The lines to return run from the one containing "River Woods Custom Fit Fantasiehemd Blauw" through the end of the material; give them exactly and leave out the pictures.

*RECORDS PROVIDED*.
┄┄┄┄┄┄┄┄┄┄┄┄┄┄┄┄┄┄┄┄

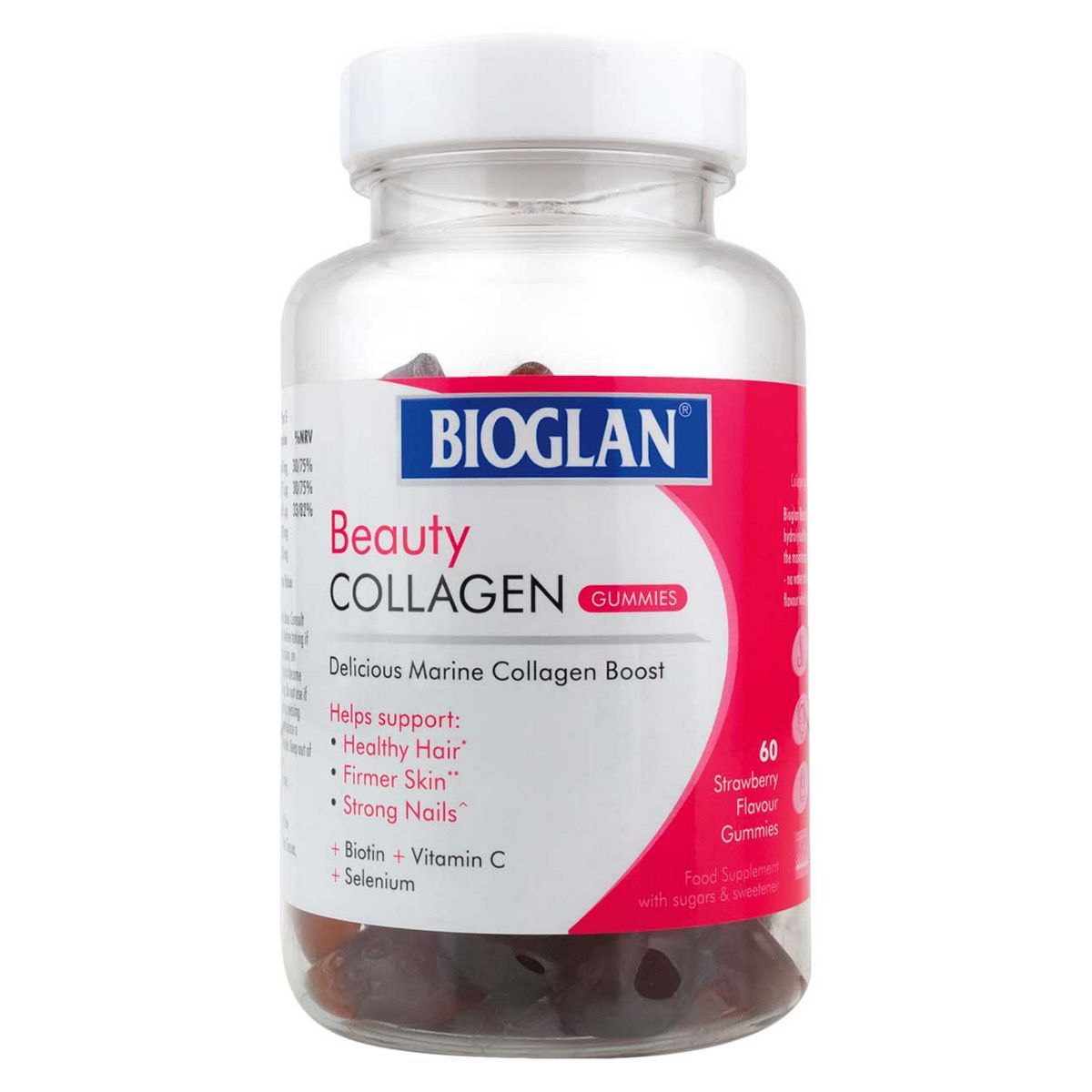 Bioglan Beauty Collagen Strawberry Flavour Gummies 60s - McGrocer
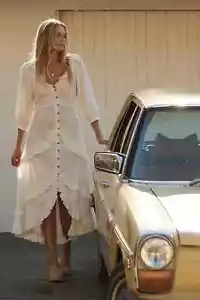 FREE PEOPLE Oh So Romantic Hippiekleid Maxi Kleid XS 36 wollweiß ecru XS NEU - Bild 1 von 3
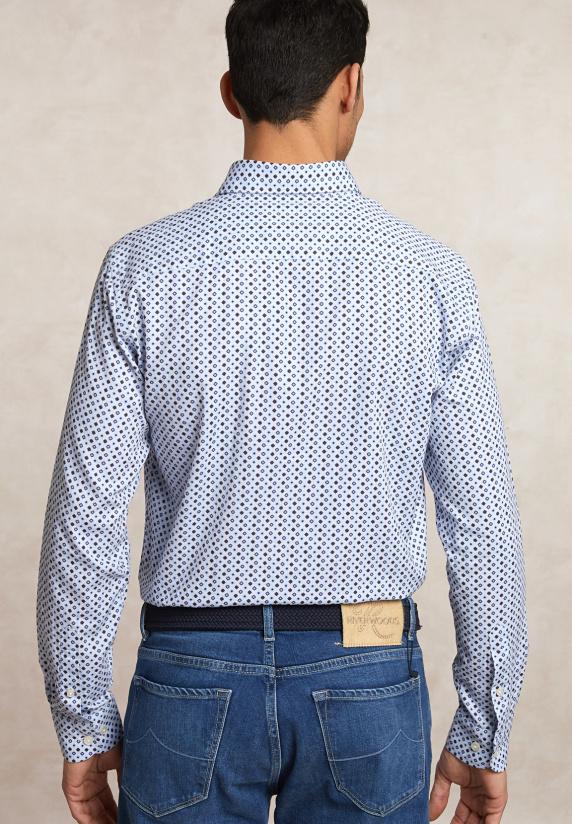 River Woods Custom Fit Fantasiehemd Blauw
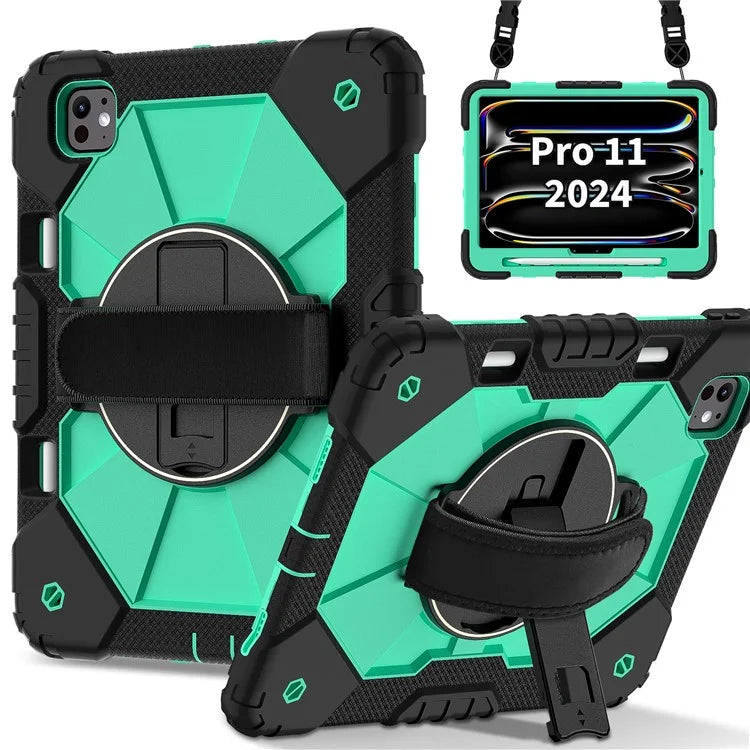 For iPad Pro 11 (2024) Case Kickstand Silicone+PC Tablet Cover with Shoulder Strap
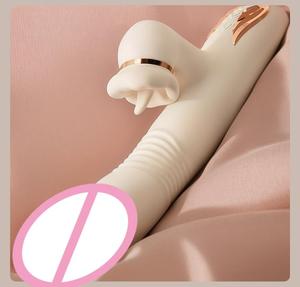 Vibrateur automatique BANSEY à succion et poussée, avec chauffage constant 42°C, godemiché nervuré, double stimulation, jouet pour adulte féminin - Product Image 2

┄┄┄┄┄┄┄┄┄┄┄┄┄┄┄┄┄┄┄┄

*RESULT*.
 River Woods Custom Fit Fantasiehemd Blauw
 For iPad Pro 11 (2024) Case Kickstand Silicone+PC Tablet Cover with Shoulder Strap
 Vibrateur automatique BANSEY à succion et poussée, avec chauffage constant 42°C, godemiché nervuré, double stimulation, jouet pour adulte féminin - Product Image 2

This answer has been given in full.